# TASK DETAILS:
Look below for the line that has "Borneo cage"; output exactly from it through the line that has "539d361040b46ce99a31bc0a970c9f00.png", and leave the pictures out.

# GIVEN DATA:

"""

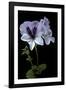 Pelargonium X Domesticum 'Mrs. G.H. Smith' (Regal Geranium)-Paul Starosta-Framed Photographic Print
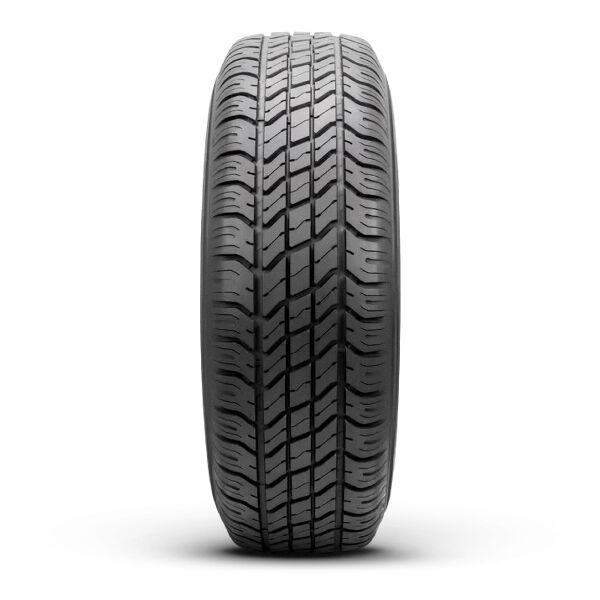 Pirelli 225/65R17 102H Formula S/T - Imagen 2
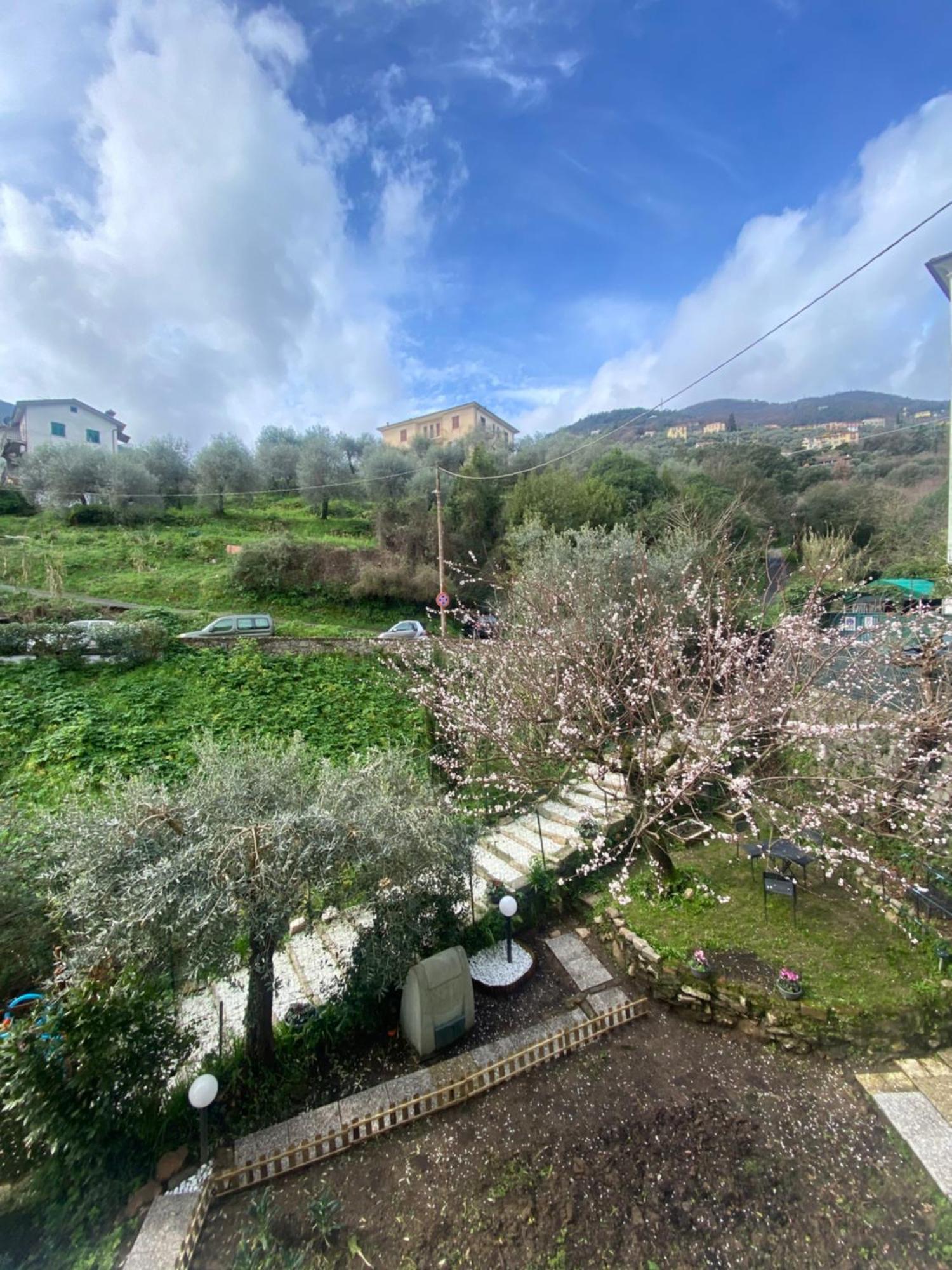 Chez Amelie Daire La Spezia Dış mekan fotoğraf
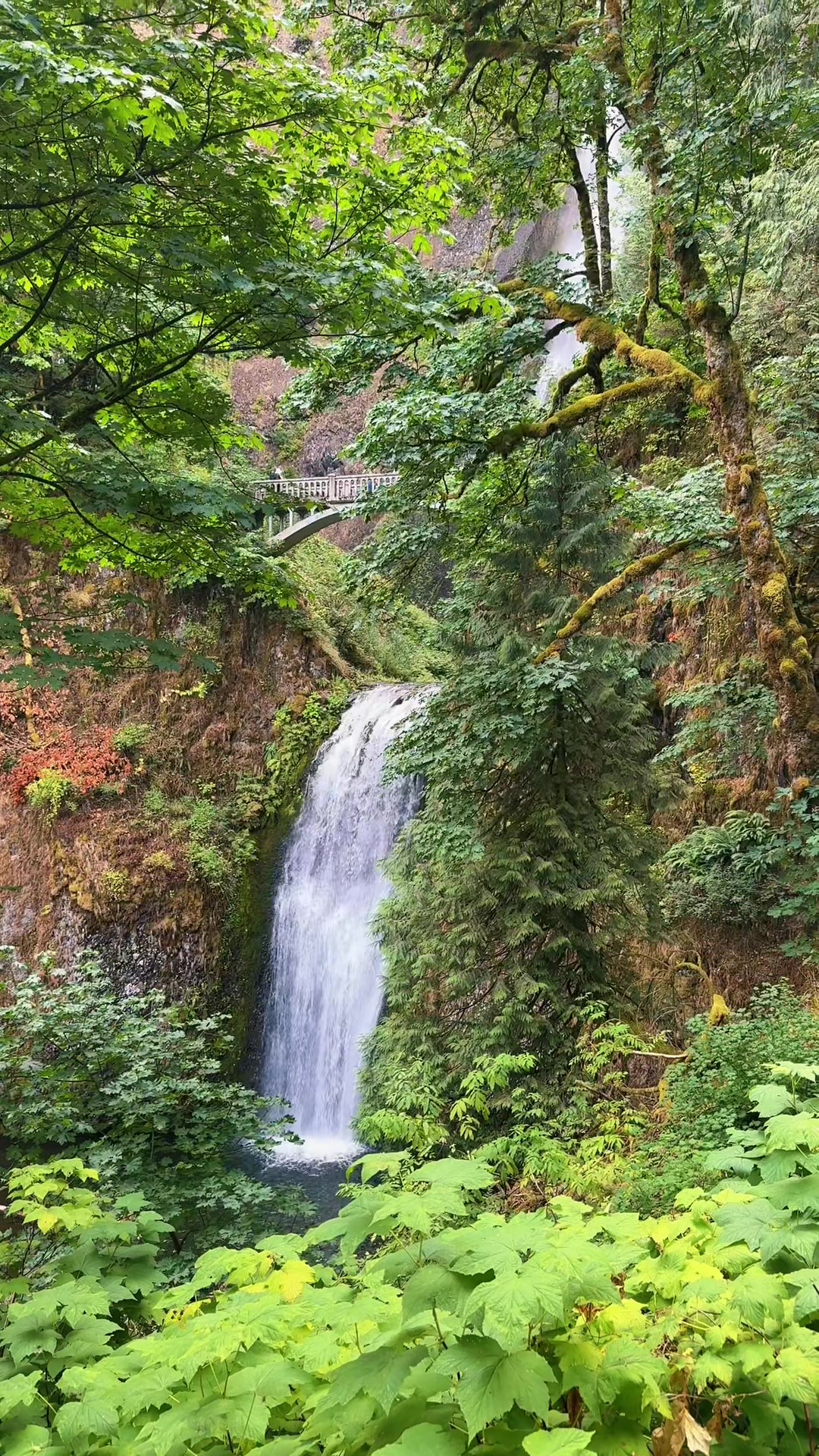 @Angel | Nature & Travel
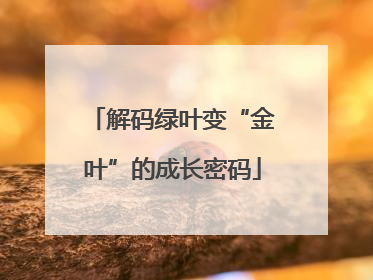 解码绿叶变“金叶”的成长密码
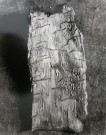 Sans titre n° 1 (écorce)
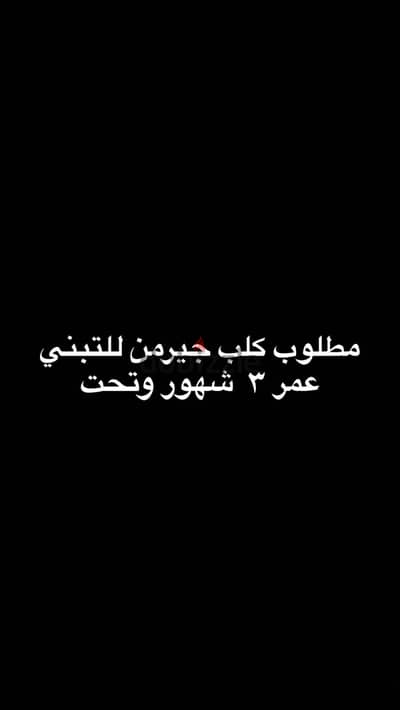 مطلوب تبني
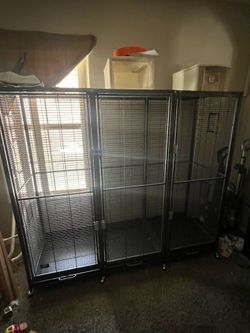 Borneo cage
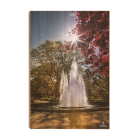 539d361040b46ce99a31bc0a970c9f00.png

"""
"""

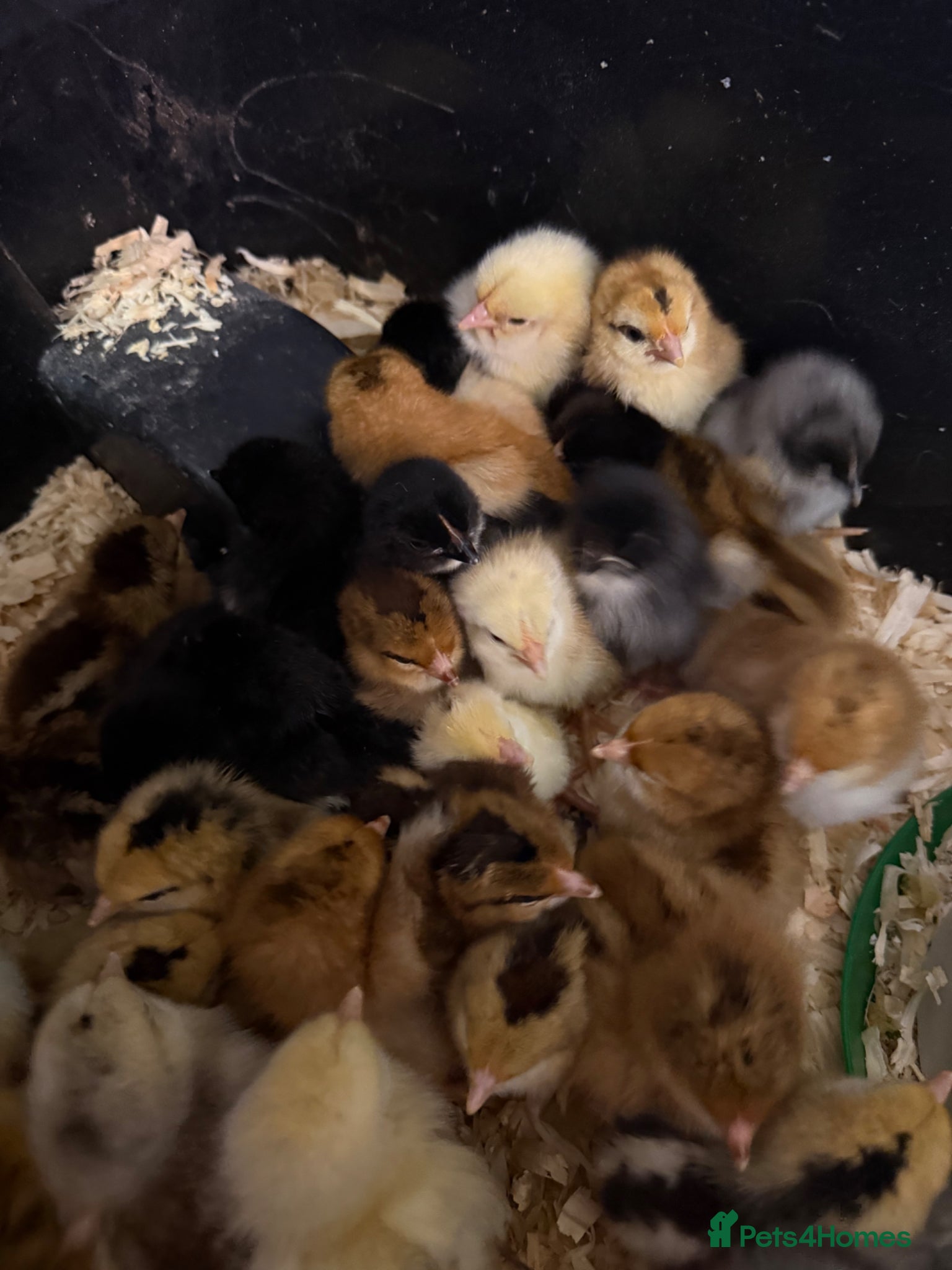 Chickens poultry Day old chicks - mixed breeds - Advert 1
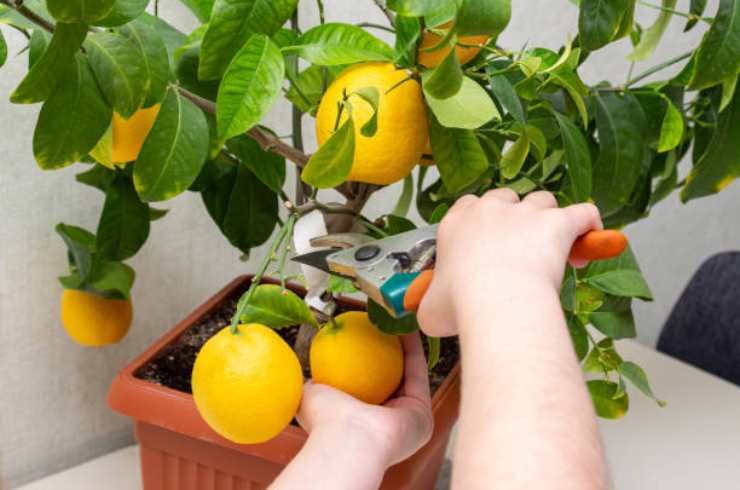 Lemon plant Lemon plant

"""
"""

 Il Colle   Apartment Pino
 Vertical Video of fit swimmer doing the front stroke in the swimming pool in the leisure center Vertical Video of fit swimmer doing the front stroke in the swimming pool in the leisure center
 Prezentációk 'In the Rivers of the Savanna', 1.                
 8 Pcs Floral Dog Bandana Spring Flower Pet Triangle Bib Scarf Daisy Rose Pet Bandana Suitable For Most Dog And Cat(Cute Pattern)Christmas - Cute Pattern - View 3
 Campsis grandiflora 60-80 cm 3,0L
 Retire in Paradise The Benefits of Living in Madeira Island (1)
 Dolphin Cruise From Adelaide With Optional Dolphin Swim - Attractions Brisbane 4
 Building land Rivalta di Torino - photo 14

"""

# OUTPUT OF THE TASK:
 Borneo cage
 539d361040b46ce99a31bc0a970c9f00.png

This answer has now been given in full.